XInclude is an XML standard for modularizing files, that is, dividing up a single file into multiple files. It is reasonably simple to use:

  1. Add xmlns:xi="http://www.w3.org/2001/XInclude" as an attribute of the root-level element of the document to add XInclude elements to the xi namespace..
  2. Use <xi:include href="url"/> to include the file referenced by url.
  3. The referenced file should also declare a DocBook document type, and its root element should be applicable at the point of inclusion.

For example, we can have a book document in one file, and its chapters in separate files:

book.xml
 <?xml version="1.0" encoding="utf-8"?>
 
 <!DOCTYPE book PUBLIC "-//OASIS//DTD DocBook XML V4.5//EN"
 "../../lib/docbook-xml-4.5/docbookx.dtd">
 
 <book id="my-book" lang="en-US"
     xmlns:xi="http://www.w3.org/2001/XInclude">
   <title>My Great Book</title>
 
   <xi:include href="chapter1.xml"/>
   <xi:include href="chapter2.xml"/>
 </book>
chapter1.xml
 <?xml version="1.0" encoding="utf-8"?>
 
 <!DOCTYPE book PUBLIC "-//OASIS//DTD DocBook XML V4.5//EN"
 "../../lib/docbook-xml-4.5/docbookx.dtd">
 
 <chapter id="intro" lang="en-US">
   <title>Introduction</title>
 
   <para>This is the introduction.</para>
 </book>
chapter2.xml
 <?xml version="1.0" encoding="utf-8"?>
 
 <!DOCTYPE book PUBLIC "-//OASIS//DTD DocBook XML V4.5//EN"
 "../../lib/docbook-xml-4.5/docbookx.dtd">
 
 <chapter id="getting-started" lang="en-US">
   <title>Getting Started</title>
 
   <para>Here we get started learning!</para>
 </book>

Naming Conventions

I found it useful to use a consistent naming convention when using XInclude.
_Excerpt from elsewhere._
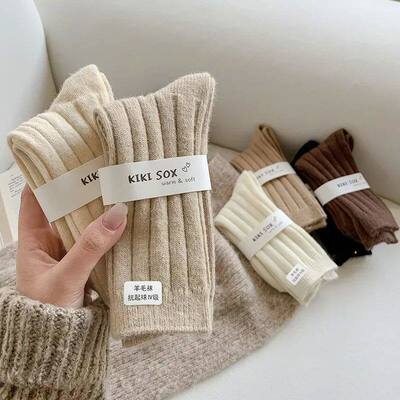 New Winter Socks Women Cashmere Wool Thicken Warm Women Sock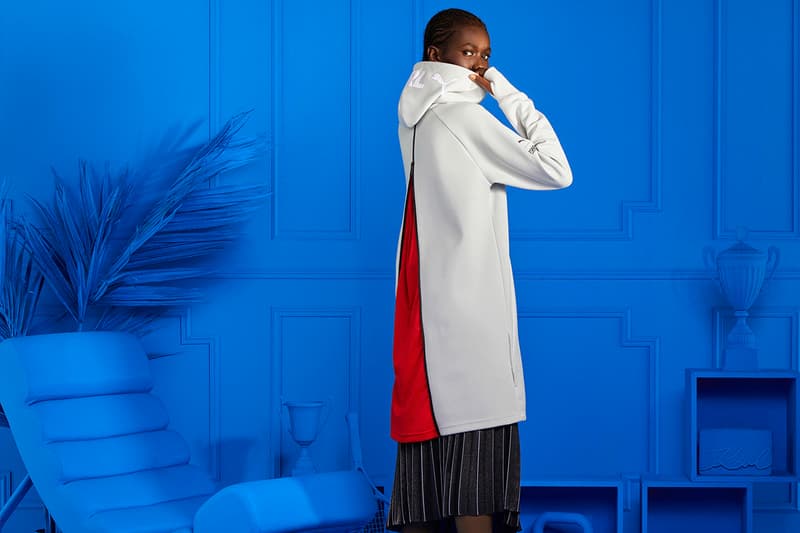 Karl Lagerfeld x PUMA Fall/Winter 2019 Collaboration Collection Sneakers Apparel Footwear Roma CELL Alien Trackpants Track Jacket Hoodies Accessories T-Shirts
The convention I have been using is identify the included file based on the root-level element it contains together with the id attribute of that element. I have used two forms of this, depending on whether the included file is in the same directory as the referring file, or whether it is in a subdirectory:

  • When the file is in the same directory, I name it <root-element>-<id>.xml.
  • When the file is in a subdirectory, I name the subdirectory <root-element>-<id> and the file itself <root-element>.xml. Typically I do this when the file I am including also includes files. Don't forget to update the relative URL in the DOCTYPE declaration.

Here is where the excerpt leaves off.